*** DATASET CONTENT Section Begins ***

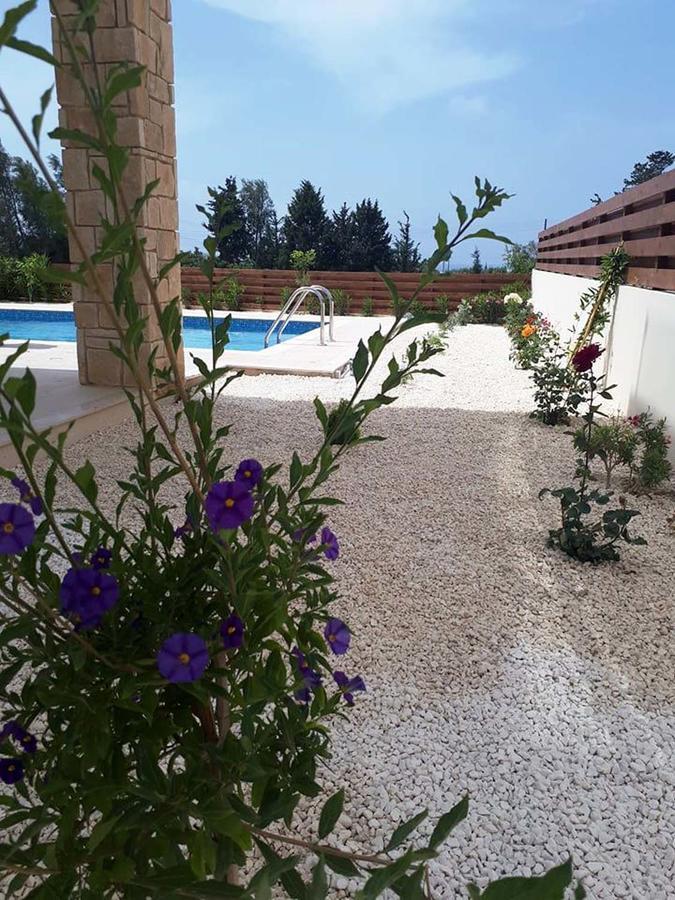 Olivia Villa 63 Paphos Exterior photo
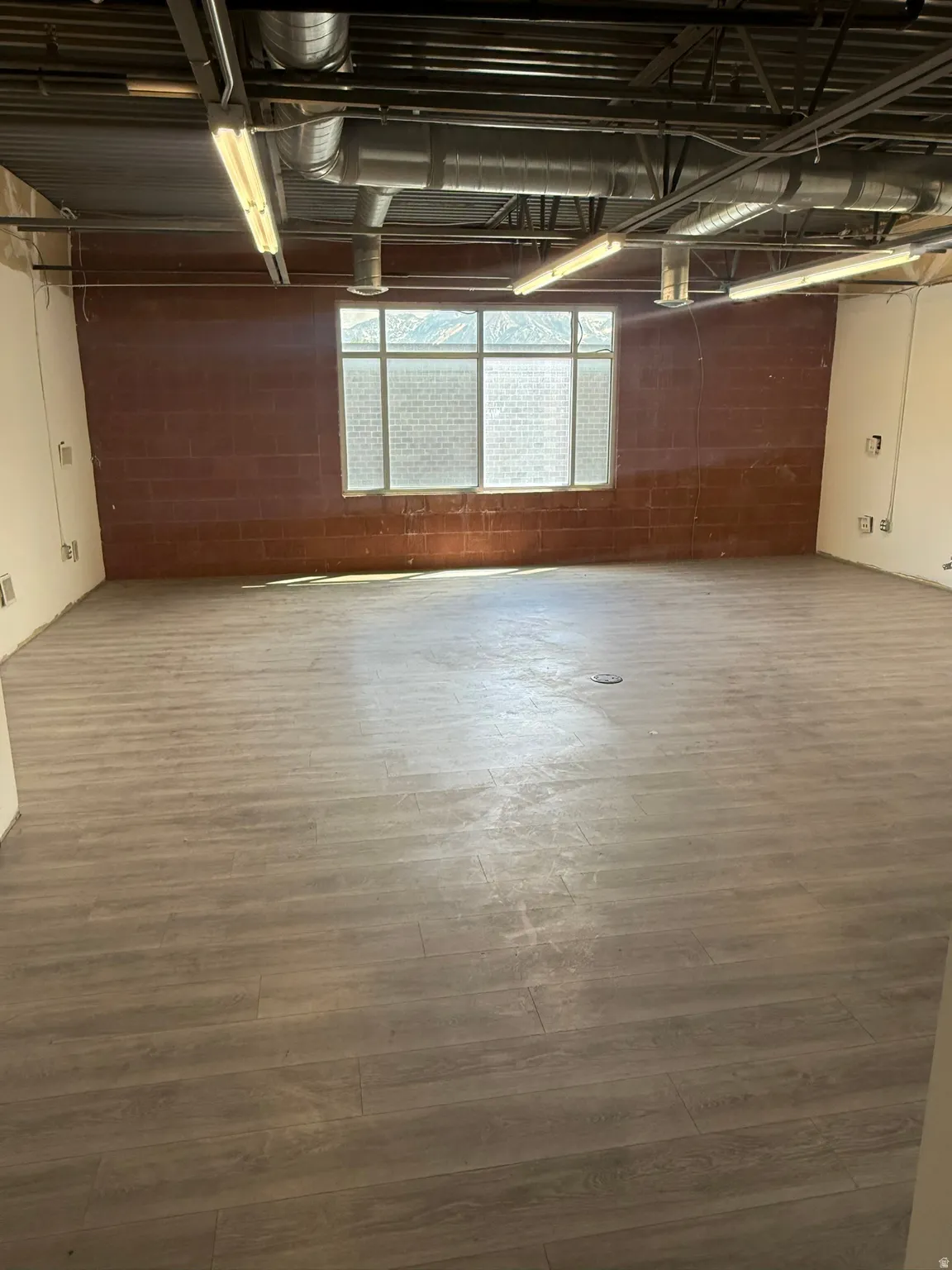 Basement with concrete block wall and dark wood-style flooring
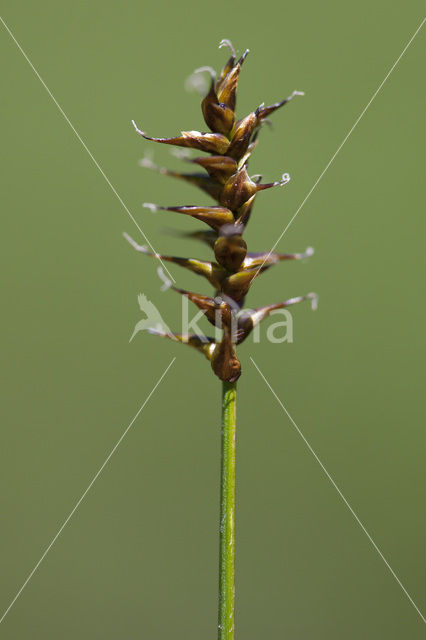Davall’s Sedge (Carex davalliana)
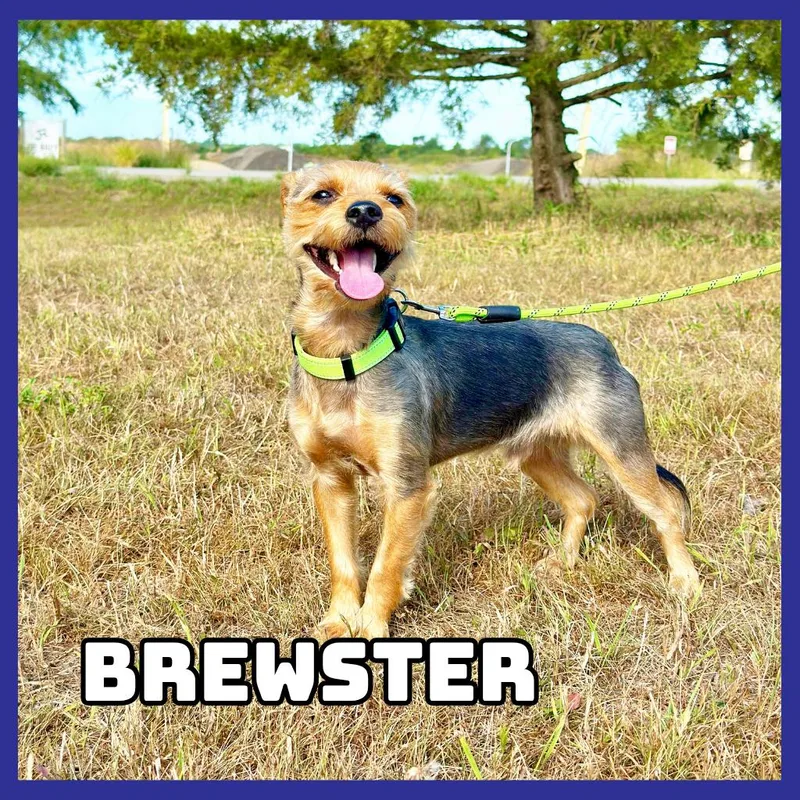 Brewster thumbnail 3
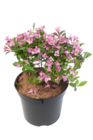 Jardinerie Poullain Osny - Promo Weigelia Promo Weigelia à 9,99 € dans le catalogue Jardinerie Poullain à Osny
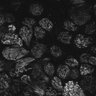 Thumbnail for Fig1D_posterior1_50_3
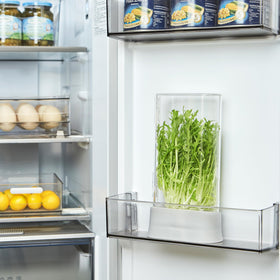 Vacane Herb Keeper stores asparagus, cilantro, mint, and rosemary neatly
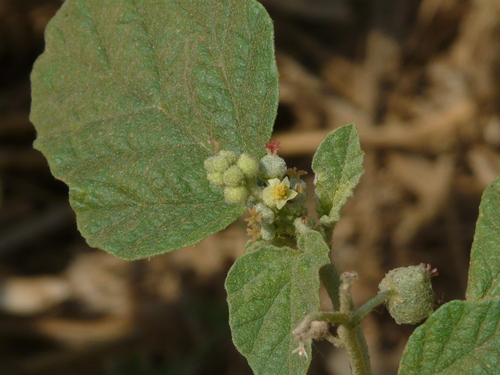 Mexican spurge (Chrozophora rottleri)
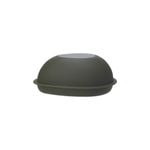 All Set Avocado Shaped Container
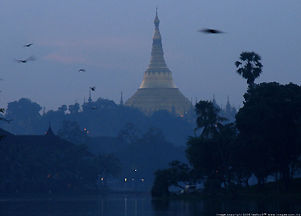 Swedagon lake view, Yangon
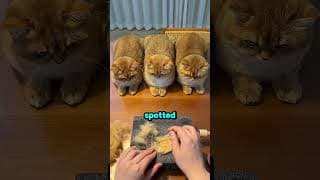 These cats were absolutely obsessed with their own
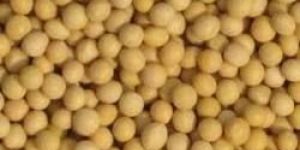 Soya Bean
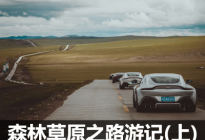 一路向北 阿斯顿·马丁森林草原游记上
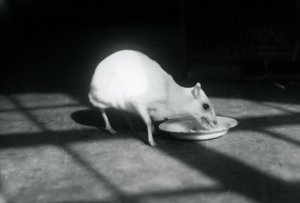 Un chevrotain albinos mangeant dans un plat, zoo de Londres, décembre 1926 - Frederick William Bond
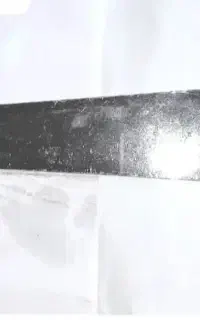 تعدادی رگال ارزان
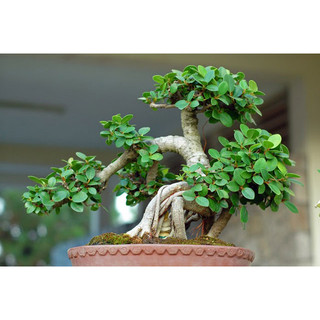 Phân Bón Supe Lân - Phân Lân 1kg ( Lân Lâm Thao dạng bột)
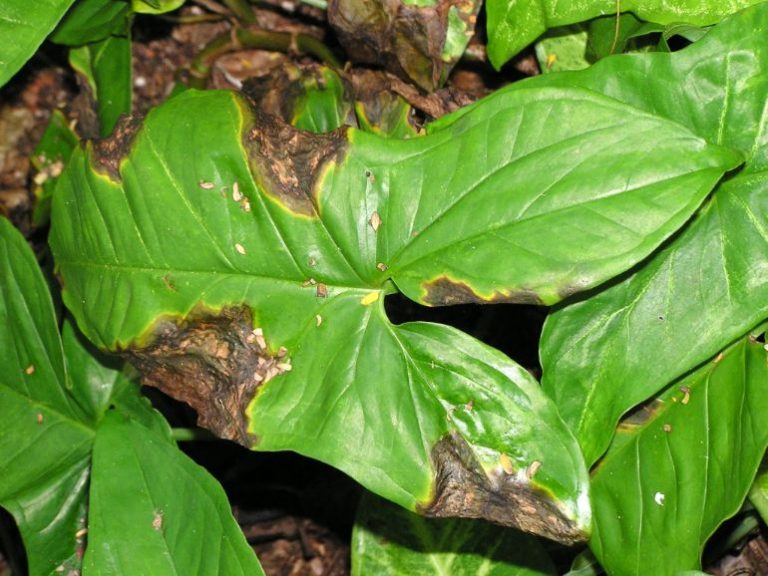 brown-spots-on-houseplant-leaves-causes-and-solutions-smart-garden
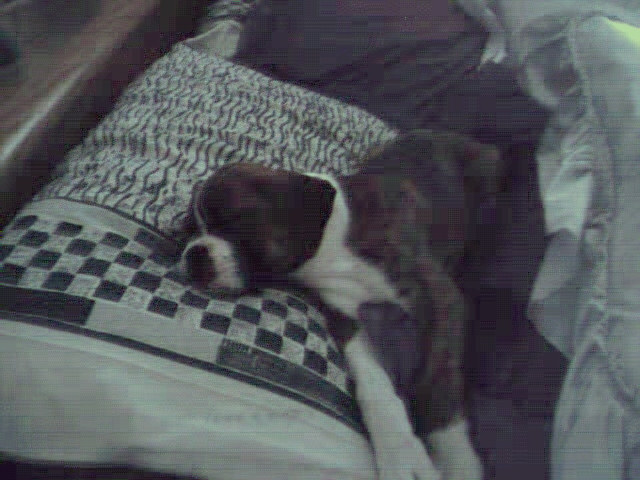 Sleeping on and under pillows- my favorite!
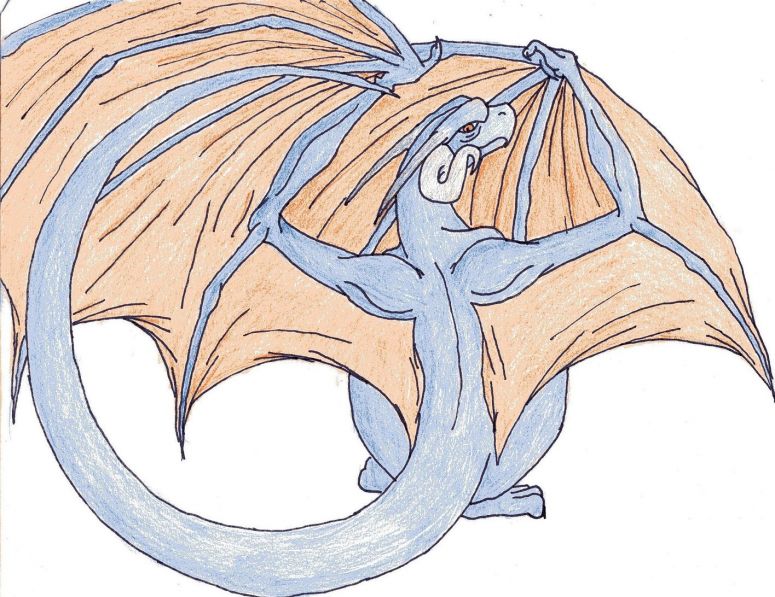 CatC request - By Midnight Dire Wolf
Here's that back view dragon you requested.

*** DATASET CONTENT Section Ends ***

◆ **HOW TO COMPLETE THIS TASK**:
Please transcribe exactly the part of the records that opens with the line containing "Mexican spurge (Chrozophora rottleri)" and closes with the line containing "Un chevrotain albinos", both ends included, and leave out the pictures.

◆ **RESULT OF THE TASK**:
 Mexican spurge (Chrozophora rottleri)
 All Set Avocado Shaped Container
 Swedagon lake view, Yangon
 These cats were absolutely obsessed with their own
 Soya Bean
 一路向北 阿斯顿·马丁森林草原游记上
 Un chevrotain albinos mangeant dans un plat, zoo de Londres, décembre 1926 - Frederick William Bond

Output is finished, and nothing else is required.